Un successivo suggerimento riguarda la riduzione tra il Sud e il Nord, più ricco il primo, meno facoltoso il secondo. A tal proposito l’Ocse, suggerisce di migliorare la rete di trasporti così da investire nel settore residenziale nelle aree meno favorite, così da poter ottenere risultati positivi in termini di produttività.

Tra i suggerimenti compaiono anche il lasciare localmente una parte delle tasse sugli immobili per permettere alle autorità locali una maggiore autonomia sia sulle tasse che sugli immobili e soprattutto, una politica sociale occupazionale, mirata a un miglioramento della qualità del lavoro dei lavoratori meno qualificati.

Identità della società britannica

E’ stato identificato un secondo fattore, oltre a quello economico, che non gioca a favore della Brexit: quello che riguarda il pensiero e l’identità della società britannica. Da questo referendum si è evinto palesemente che non ha vinto una maggioranza assoluta o l’unità di un pensiero comune, non ha vinto un ideale per cui si combatteva, o comunque non ha vinto ottenendo la totalità dei consensi.

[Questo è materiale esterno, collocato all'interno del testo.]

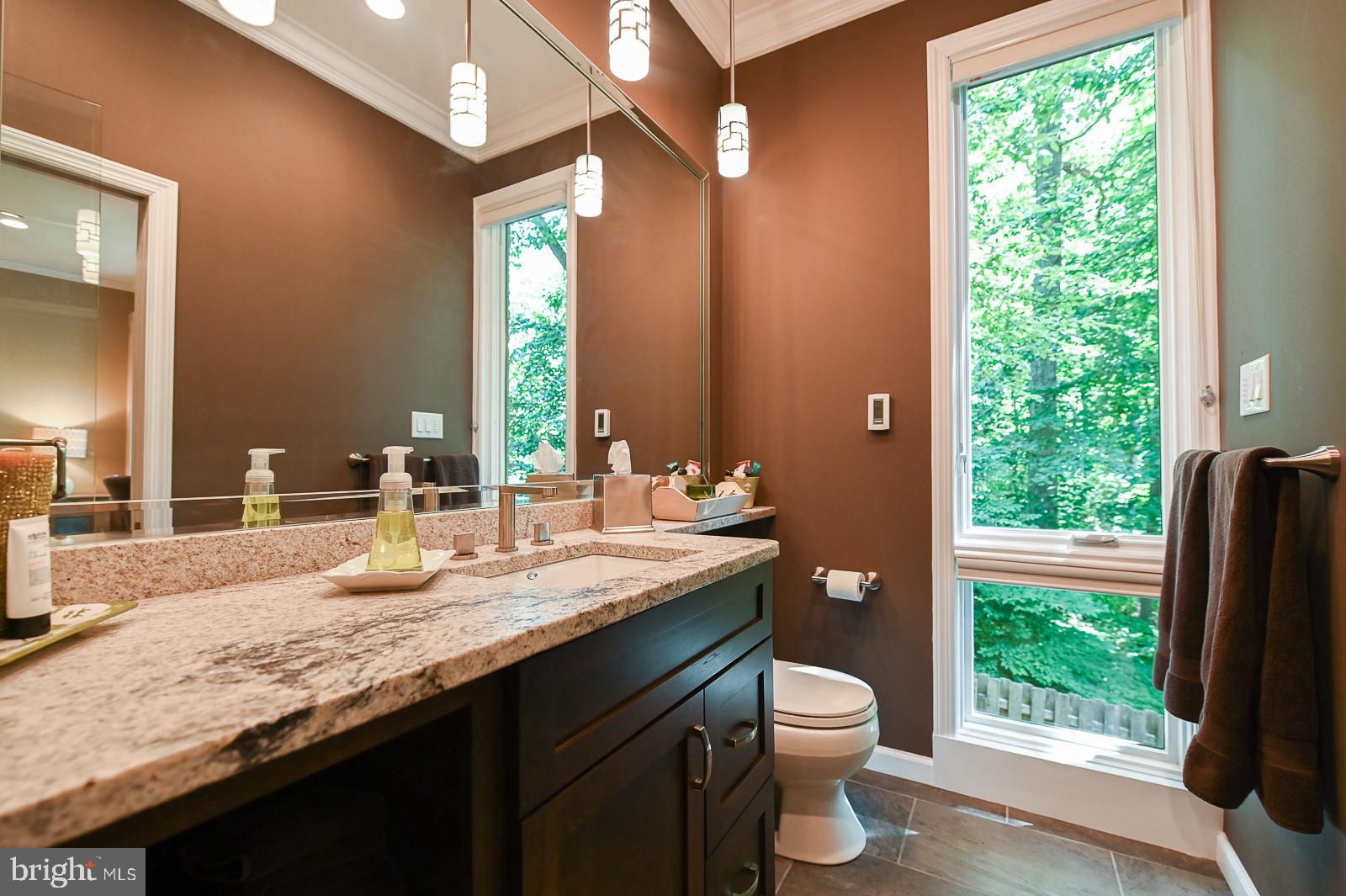 VALLEY FORGE MTN - Residential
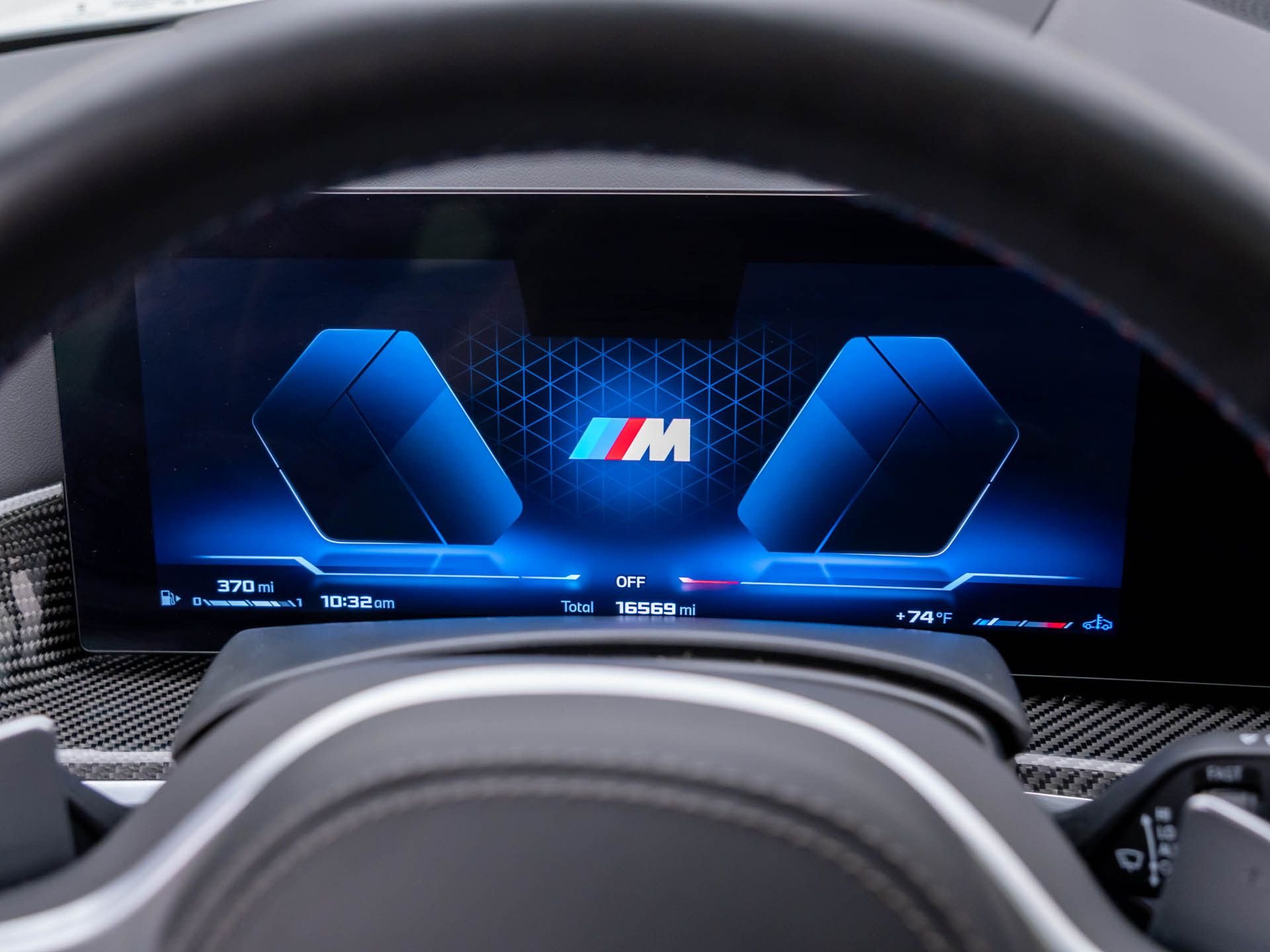 Certified Used 2026 Alpine White BMW M60i image 23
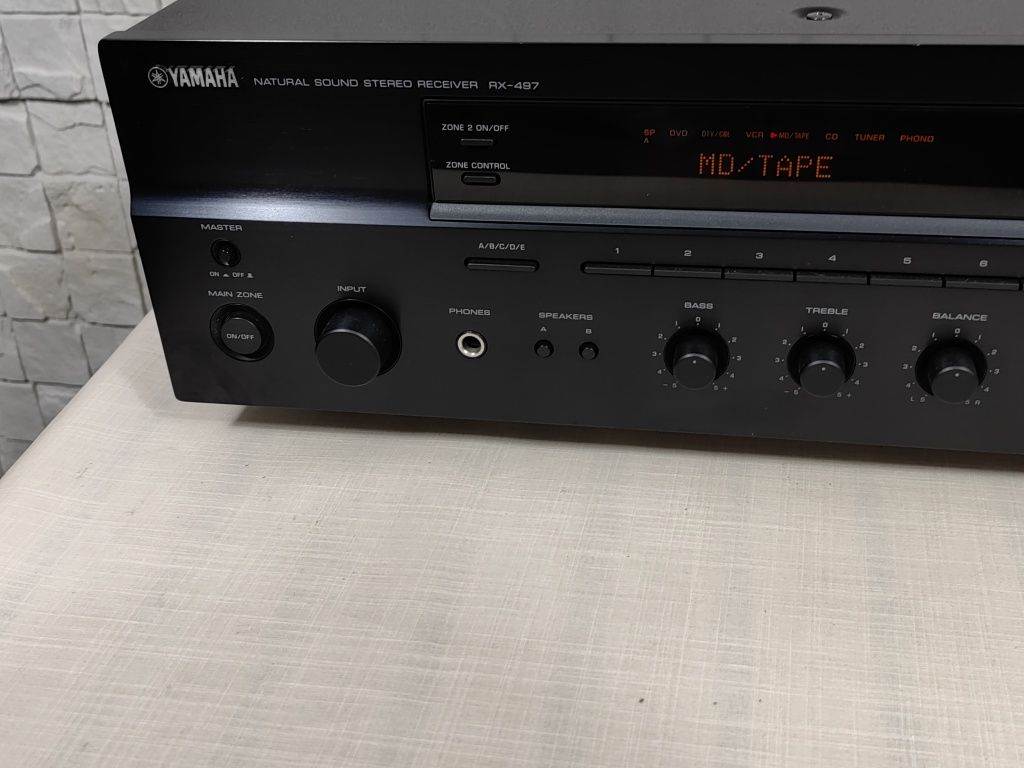 Yamaha RX-497 Amplituner stereo 2.1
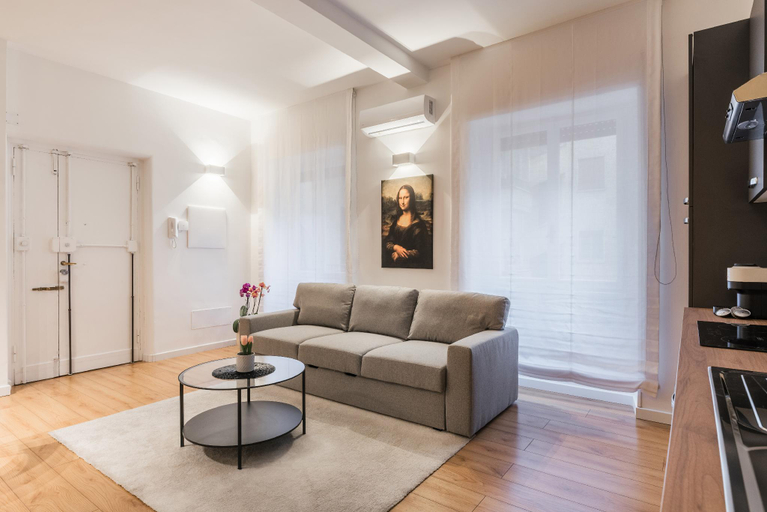Others 4, THE FIFTH Properties, Rome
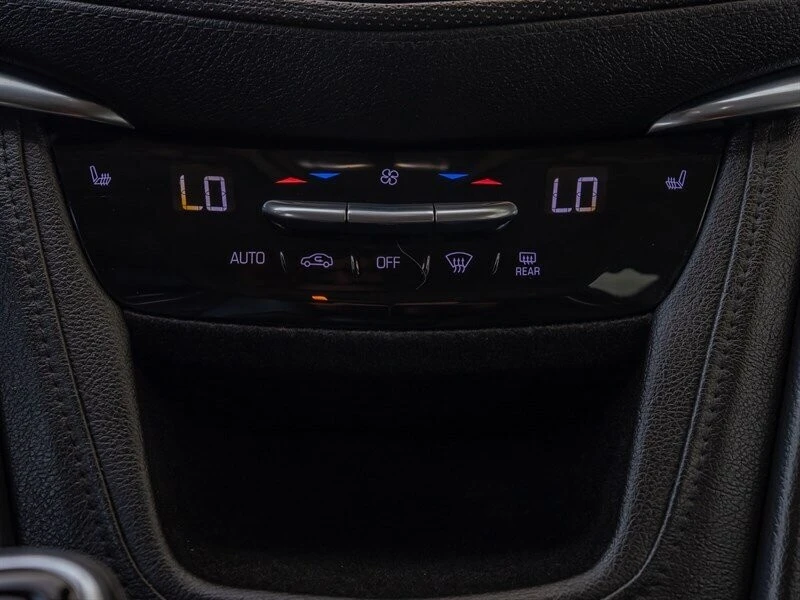 2017 Cadillac XT5 - Image 15 of 21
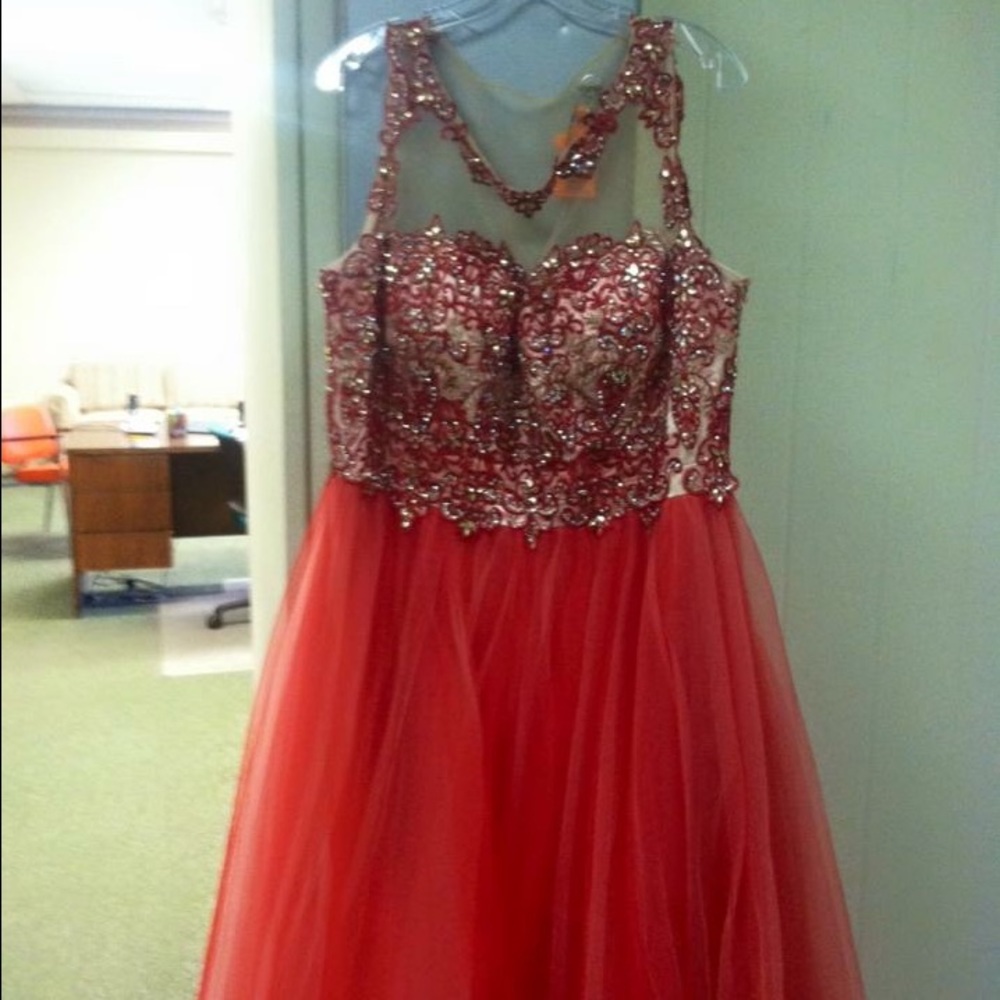 Beautiful prom dress!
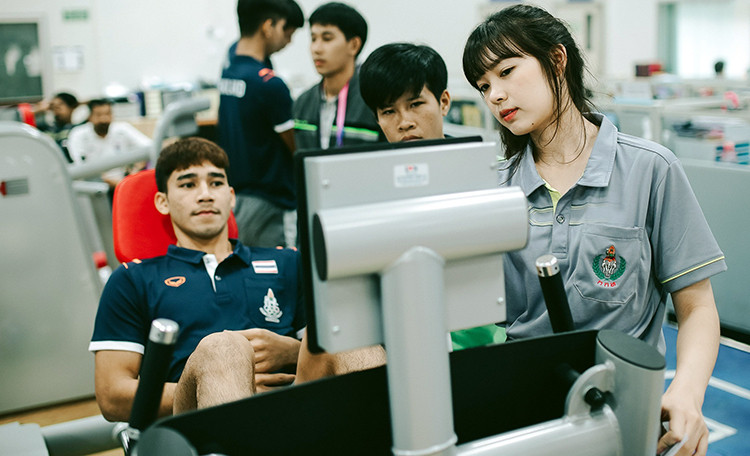 Thái Lan đặt mục tiêu giành 2 HCV SEA Games môn bóng đá ảnh 1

Lo studio riporta alla luce un problema territoriale e separatista palesemente dimostrato dai dati raccolti durante il referendum, difatti: l’elettorato giovane ha votato per rimanere, gli anziani per il “leave; le grandi città “remain”, i piccoli paesi per uscire; Irlanda e Scozia erano sul “remain” mentre Inghilterra ha votato “leave”. Indubbiamente questa Brexit non sta facendo altro che aumentare tensioni interne e successivi sentimenti separatisti, soprattutto per Irlanda del nord e Scozia, che potrebbero minacciare il processo di pace, andando a riportare dei cambiamenti sui confini del Regno Unito che sicuramente intaccherebbero l’economia, la fiducia delle imprese e i consumatori.